Let $W$ be a finite-dimensional complex vector space and let $V = W\otimes \cdots \otimes W$ ($m$ times). A non-zero element $v \in V$ is said to be of rank $1$ if $v$ can be written as $$v = w_1 \otimes \cdots \otimes w_m,$$ for some $w_i \in W$, for $i = i, \ldots, m$. More generally, the rank of a non-zero element $v \in V$ is the smallest number of such tensor products for which $v$ is the sum.
My question can now be formulated. How can one formulate the condition of being of rank $1$ algebraically, meaning with polynomial equations? If $m=2$, this is standard linear algebra. The condition is that all $2$ by $2$ minors of $v$, thought of as a square matrix, should vanish. What is the generalization of this condition for $m \geq 2$?

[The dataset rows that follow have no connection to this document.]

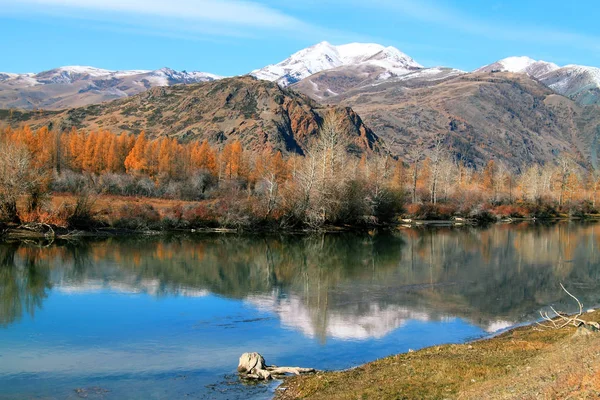 Paisagem de outono com montanhas e larches amarelos — Fotografia de Stock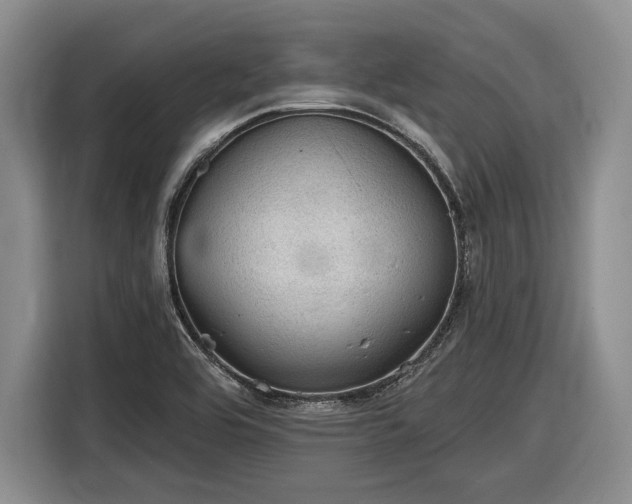 X0000116611464200912181156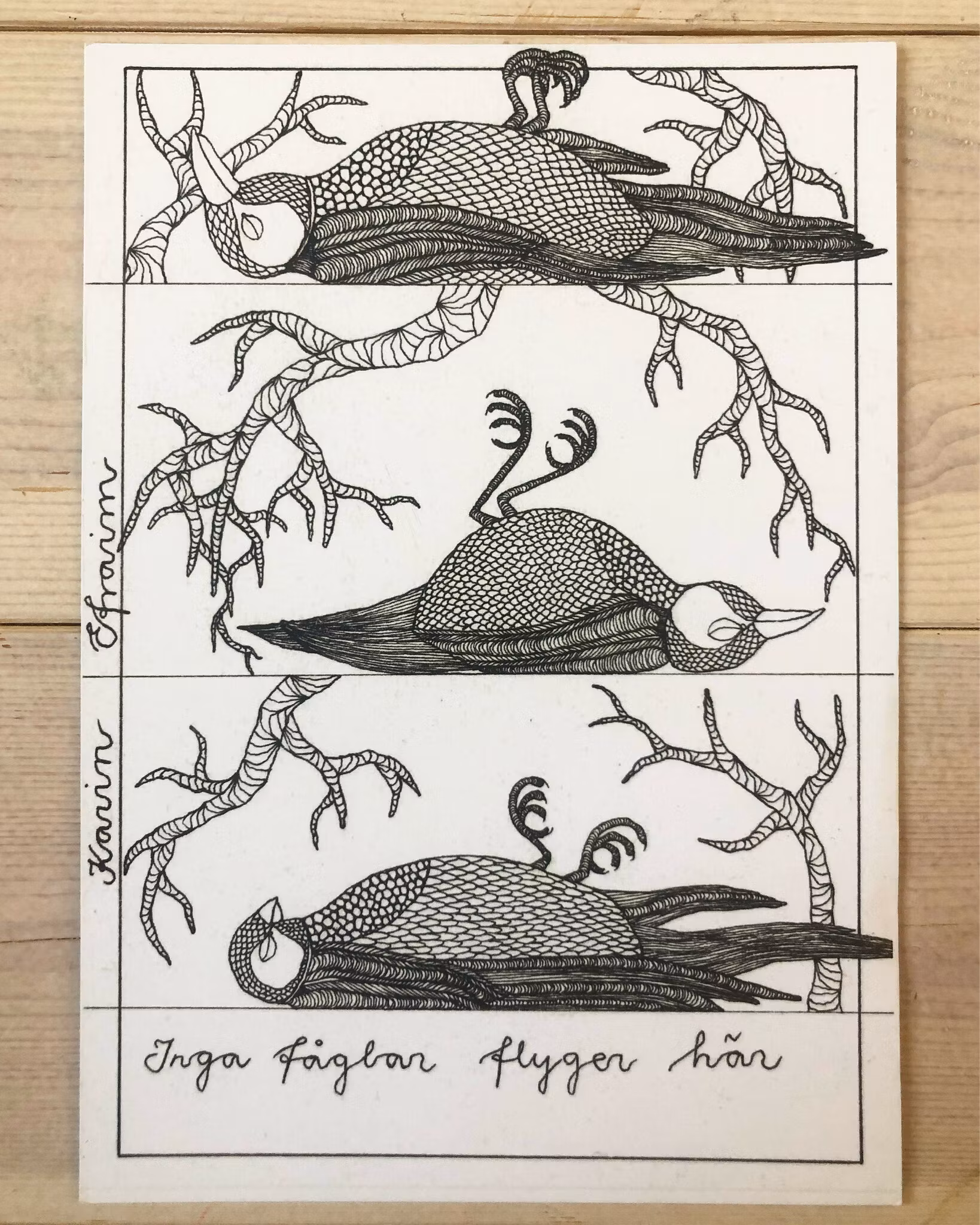 INGA FÅGLAR -print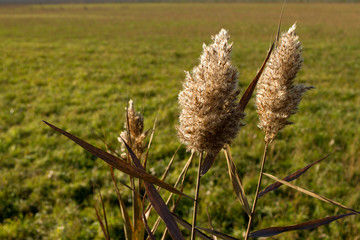 Phragmites australis cannuccia di palude con semi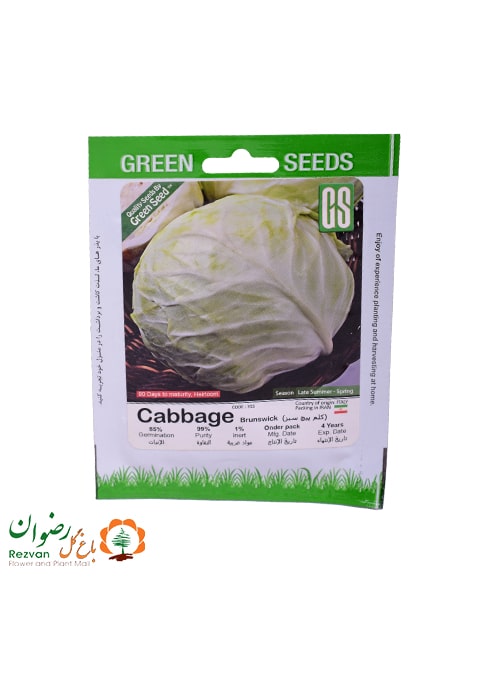 بذر کلم پیچ سبز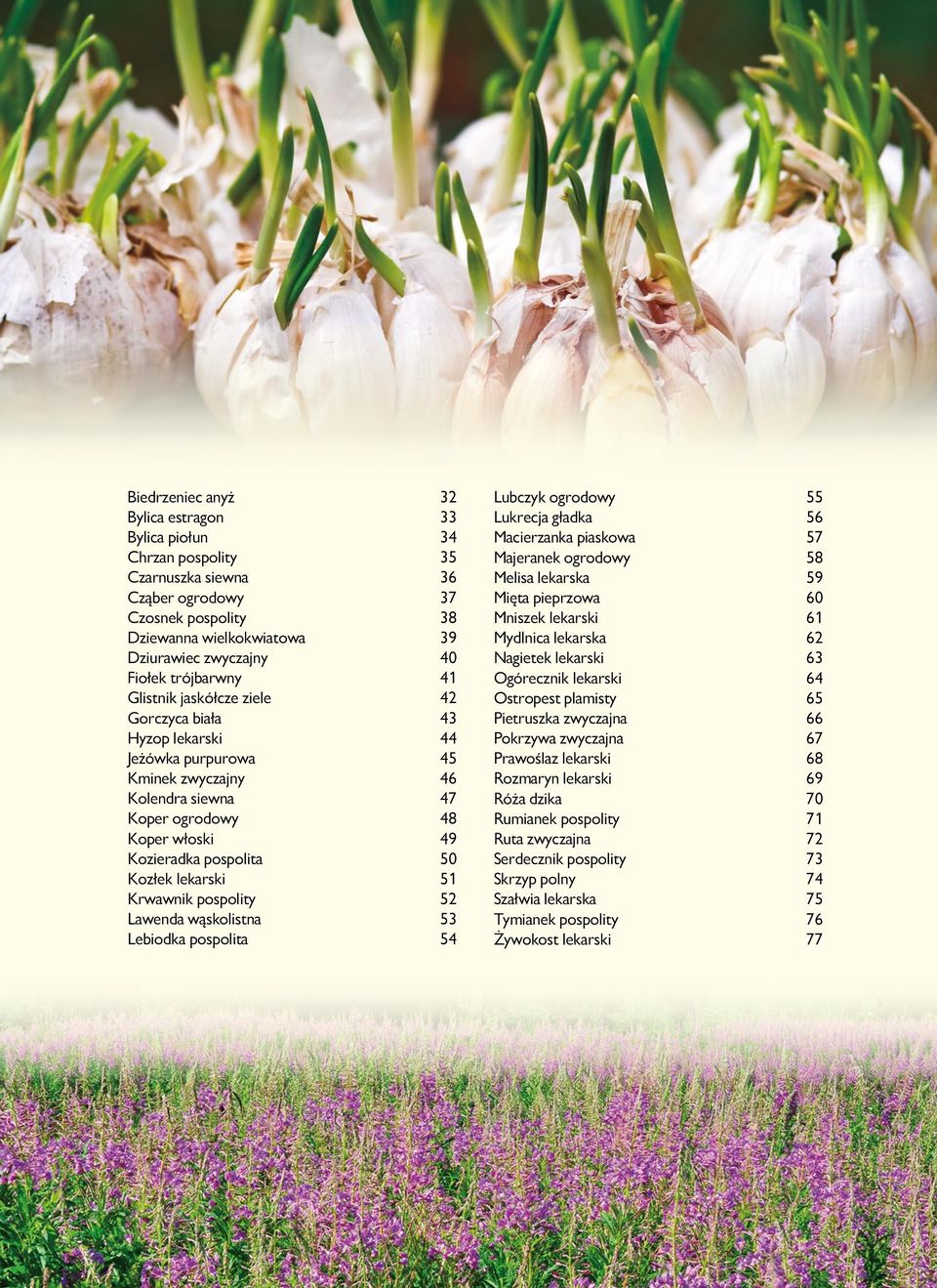 Kozłek lekarski 51 Krwawnik pospolity 52 Lawenda wąskolistna 53 Lebiodka pospolita 54 Lubczyk ogrodowy 55 Lukrecja gładka 56 Macierzanka piaskowa 57 Majeranek ogrodowy 58 Melisa lekarska 59 Mięta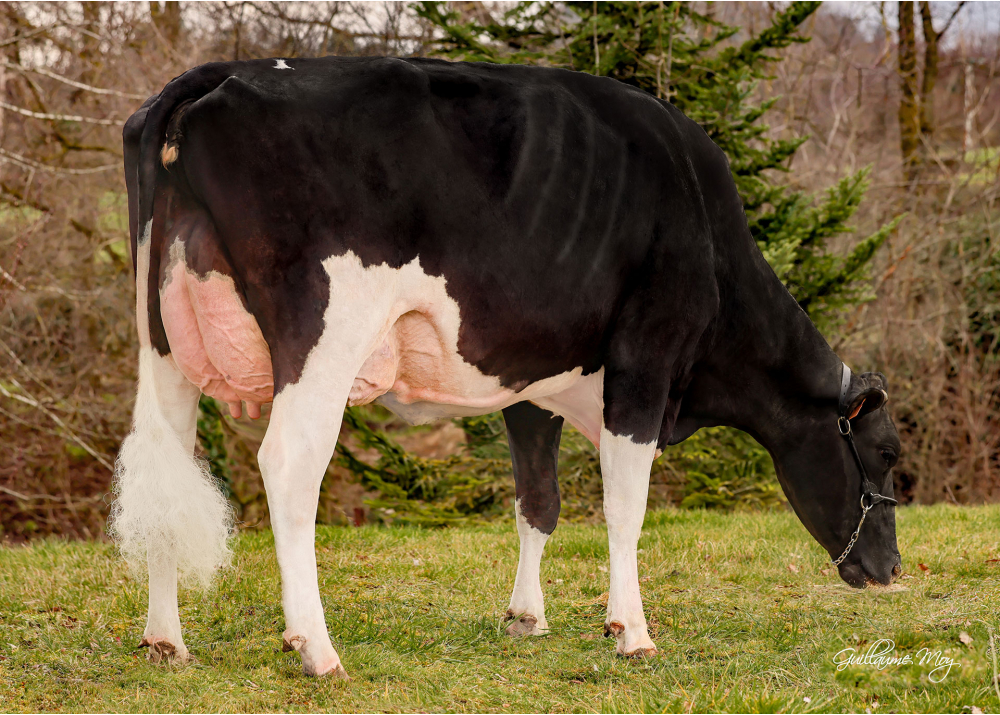 Serena, dam of UTELO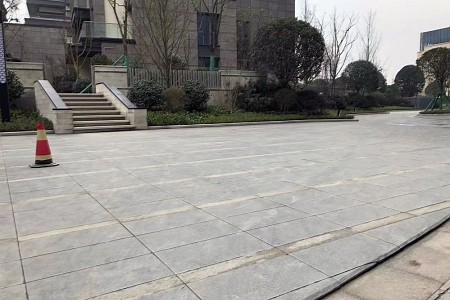 中国黑案例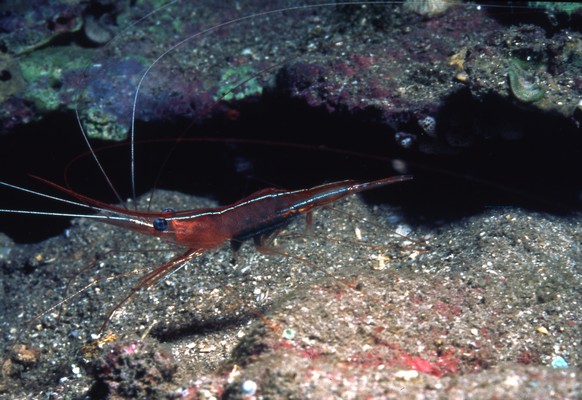 <b><i>Plesionika narval (Fabricius, J.C., 1787)</i></b><br>Detailed information: Tahiti, outer reef slope, scuba dive at night 50 m<br><i>Copyright - IRD - Laboute</i>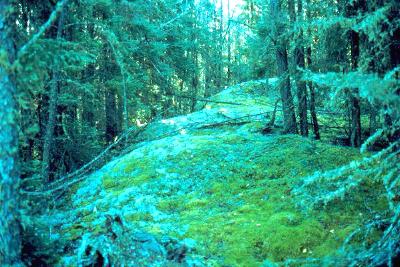 A moss covered ridge climbs into the forest behind our camp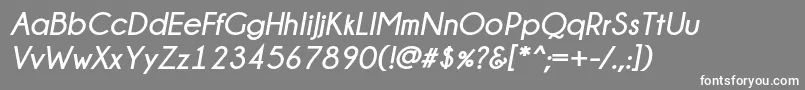 Champagne  Limousines Bold Italic Font – White Fonts on Gray Background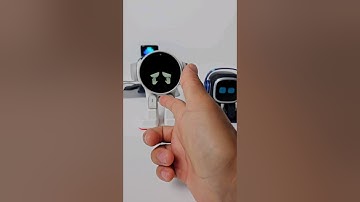 Hand Shooting 🔫 Rux vs Emo #robot #funny #ai #pets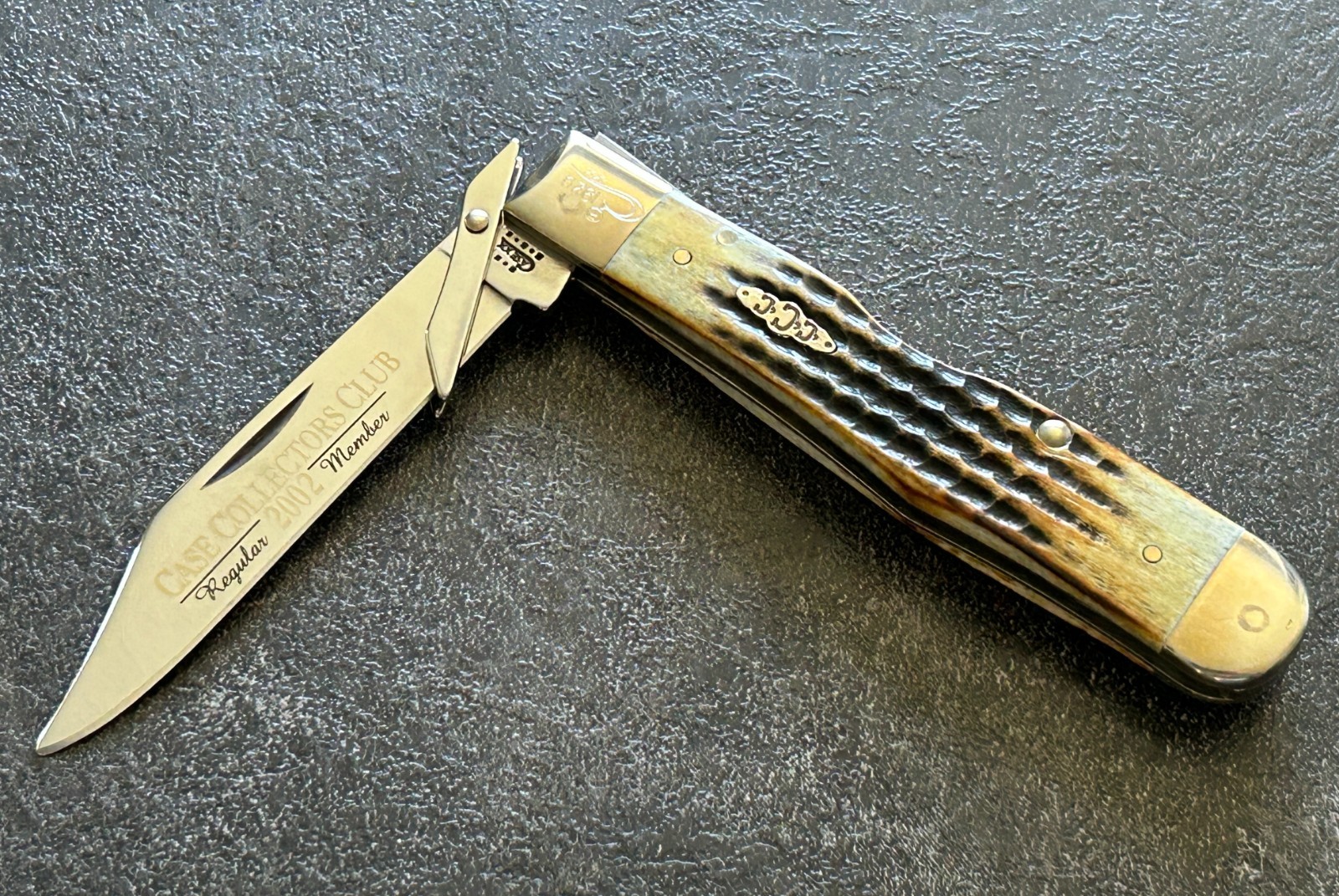 2002 CASE XX 6111 1/2L SS Cheetah Knife Burnt Moss Bone CCC Complete Pouch + Box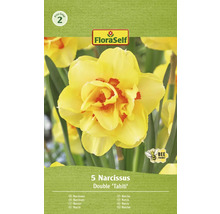 Blumenzwiebel Narzisse FloraSelf ' Tahiti ' 5 Stück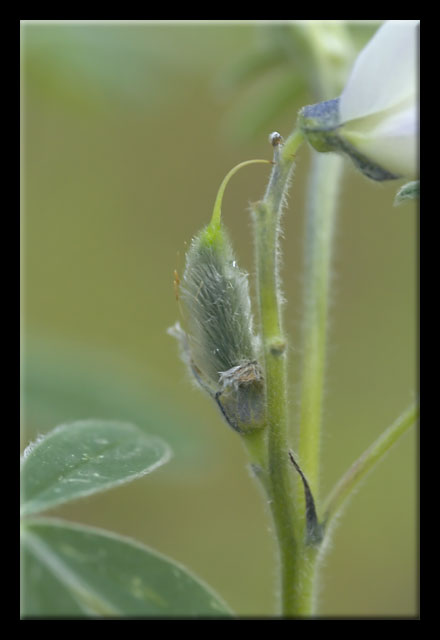 Lupinus albus / Lupino bianco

Here is what I suspect. I suspect it is $v \wedge v = 0$ where $\wedge$ denotes the bilinear map from $V \times V$ to $V \otimes V$ which maps $(w_1 \otimes \cdots \otimes w_m, w'_1 \otimes \cdots \otimes w'_m)$ to $$(w_1 \wedge w'_1) \otimes \cdots \otimes (w_m \otimes w'_m) + \cdots + (w_1 \otimes w'_1) \otimes \cdots \otimes (w_m \wedge w'_m).$$
This seems like a possible generalization, but I am not sure if it is correct! Could someone confirm or correct please? I checked that it is correct for $m=2$ for instance.
Edit: I realize that I am essentially asking about the equations defining the product of $m$ copies of $P(W)$ embedded inside $P(V)$ via the Segre embedding. Ok, now I know where to look this up in the literature!
Edit 2: What I wrote above is incorrect. Please go to my answer below for a corrected formula. Ultimately, the equations are that the $2$-by-$2$ minors of $v$ must vanish (this is explained in my answer below).
Define, for $i = 1, \ldots, m$, the bilinear map $\wedge_i$ from $V \times V$ to $(W \otimes W) \otimes \cdots \otimes (\Lambda^2 W) \otimes \cdots (W \otimes W)$ where $\Lambda^2 W$ is right after the first $i-1$ th pair of $W \otimes W$, which maps $(w_1 \otimes \cdots \otimes w_m, w'_1 \otimes \cdots \otimes w'_m)$ to $$(w_1 \otimes w'_1) \otimes \cdots \otimes (w_i \wedge w'_i) \otimes \cdots \otimes (w_m \otimes w'_m).$$
Then the equations defining the Segre embedding of $P(W) \times \cdots P(W)$ ($m$ copies of $P(W)$) inside $P(W \otimes \cdots \otimes W)$ ($m$ times) can be written using our notation as:
$v \wedge_i v = 0,$ for $i = 1, \ldots, m$.
What I had written in my post was actually incorrect (though somewhat close to a correct answer).
These conditions are redundant though. A less redundant way of writing these conditions is that the $2$-by-$2$ minors of $v$ should vanish. To simplify the discussion and notation, suppose that $W = (\mathbb{C}^n)^*$. Let $S_1$ and $S_2$ be two subsets of $[n] = \{1, \ldots, n\}$ such that $|S_1| = 2$ and $|S_2| = 2$. We do not require $S_1$ and $S_2$ to be distinct (they may or may not be distinct). Let us say that $S_1 = \{a_1,b_1\}$ and $S_2 = \{a_2,b_2\}$ where $1 \leq a_i < b_i \leq n$, for $i = 1, 2$. Also, let $i_1, i_2$ be such that $1 \leq i_1 < i_2 \leq m$.
We can think of $v \in V$ as a tensor having $m$ indices. Then, for each fixed values of the indices at locations other than $i_1$ and $i_2$ (and we suppress these indices from our notation), we get the following condition:
$$v_{a_1a_2} v_{b_1b_2} - v_{a_1b_2} v_{b_1a_2} = 0.$$
The left-hand side is what one may call a $2$-by-$2$ minor.